Nimes, the French Roma, is an amazing city with a mixture of Roman, Hispanic, Camargue and Cevennes influences. Nimes is home of many monuments such as “les arênes”, “la Maison Carrée”, “les Jardins de la Fontaine » ... The Feria meet aficionados and lovers of street parties.
The “Pont du Gard”, a World Heritage Site, is a world famous monument.
Alès and the Cévennes
Contrary to other French regions, the Cévennes has never been a single united geographic or administrative area. Today this unique landscape covers the departments of Gard and Lozère and for most of Ardèche and Hérault. Indeed from Protestant settlement to rebellion against the monarchy, from the Camisard era to the industrial revolution, which saw major development in silk and coal production; this region is steeped in history through its landscape, religion, cultural and even literary geography.
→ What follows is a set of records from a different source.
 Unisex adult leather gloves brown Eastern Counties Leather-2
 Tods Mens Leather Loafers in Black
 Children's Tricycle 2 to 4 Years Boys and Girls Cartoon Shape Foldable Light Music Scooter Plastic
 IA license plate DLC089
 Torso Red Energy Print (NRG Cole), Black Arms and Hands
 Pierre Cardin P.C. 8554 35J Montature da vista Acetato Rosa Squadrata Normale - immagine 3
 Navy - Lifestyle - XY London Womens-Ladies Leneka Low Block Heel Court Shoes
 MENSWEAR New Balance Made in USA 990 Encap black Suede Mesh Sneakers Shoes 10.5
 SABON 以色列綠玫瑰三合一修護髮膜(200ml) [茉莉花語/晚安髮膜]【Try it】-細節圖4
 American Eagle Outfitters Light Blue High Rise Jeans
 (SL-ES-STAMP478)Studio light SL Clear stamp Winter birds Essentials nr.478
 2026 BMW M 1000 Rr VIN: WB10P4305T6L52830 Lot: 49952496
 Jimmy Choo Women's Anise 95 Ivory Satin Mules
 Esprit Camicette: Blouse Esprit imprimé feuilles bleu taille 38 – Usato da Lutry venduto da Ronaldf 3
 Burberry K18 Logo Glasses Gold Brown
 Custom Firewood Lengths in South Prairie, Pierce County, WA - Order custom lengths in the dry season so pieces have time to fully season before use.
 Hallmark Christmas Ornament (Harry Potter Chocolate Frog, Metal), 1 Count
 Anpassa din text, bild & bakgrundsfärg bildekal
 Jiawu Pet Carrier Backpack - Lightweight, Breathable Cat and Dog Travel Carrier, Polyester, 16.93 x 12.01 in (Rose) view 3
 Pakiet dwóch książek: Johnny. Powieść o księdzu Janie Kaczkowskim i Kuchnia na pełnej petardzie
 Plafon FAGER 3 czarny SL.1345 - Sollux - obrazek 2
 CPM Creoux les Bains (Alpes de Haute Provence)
In the Camargue, the first thing one notices is of course the fine mix of sweet and salt water, and land made up of unforgettable and unique lines, so pure they seem to disappear into infinity. But this country will not reveal its charms to the hasty tourist, it has to be discovered. Thus, plunging deeply - but with a certain respect - into the wild, preserved lands, the visitor will have the privilege of witnessing the majestic flight of flamingos or the thrilling sight of wild galloping horses.
And bringing life to this perfect but somewhat static picture, there is man, in a close and fruitful relationship with nature.
Men have extracted salt from the sea for centuries, and here the techniques have been raised from an art to become a sophisticated industry.
One thing however has not changed and that is the ever-present sunshine, which produces the evaporation so indispensable to what is a rapidly expanding activity today: rice-growing.
The sandy stretches are excellent for growing asparagus, and the vineyards produce characteristic wines, that need to be drunk well-chilled.
Situated in the Camargue, the city of Saint Giles owes its fame to the pilgrimage which developed from the 11th century on around the cult of saint Giles, and which became the fourth place of pilgrimage of the Christian world after Rome, Jerusalem and Santiago de Compostela.
Thanks to its port on the Mediterranean Sea, the city was also the starting point of the first crusades.
In the 18th century, with the creation of the Rhône to Sète canal, the city enjoyed an economic boom thanks to the transport of goods and to the development of viticulture.
Nowadays, with its abbey church listed World Heritage by UNESCO in 1998 as part of the routes of Santiago de Compostela in France, Saint Giles is a city with a rich medieval past situated in the heart of a territory offering two characteristic faces :
- The Camargue with its traditions, its natural and agricultural landscapes, listed “Grand Site de France” in 2014,
- The Costière with its orchards of fruit trees and its grape-growing hillsides, belonging to the PDO Costières de Nîmes.
To discover this territory and its treasures, the tourist information center guarantees a personalized welcome and offers a selection of à la carte visits.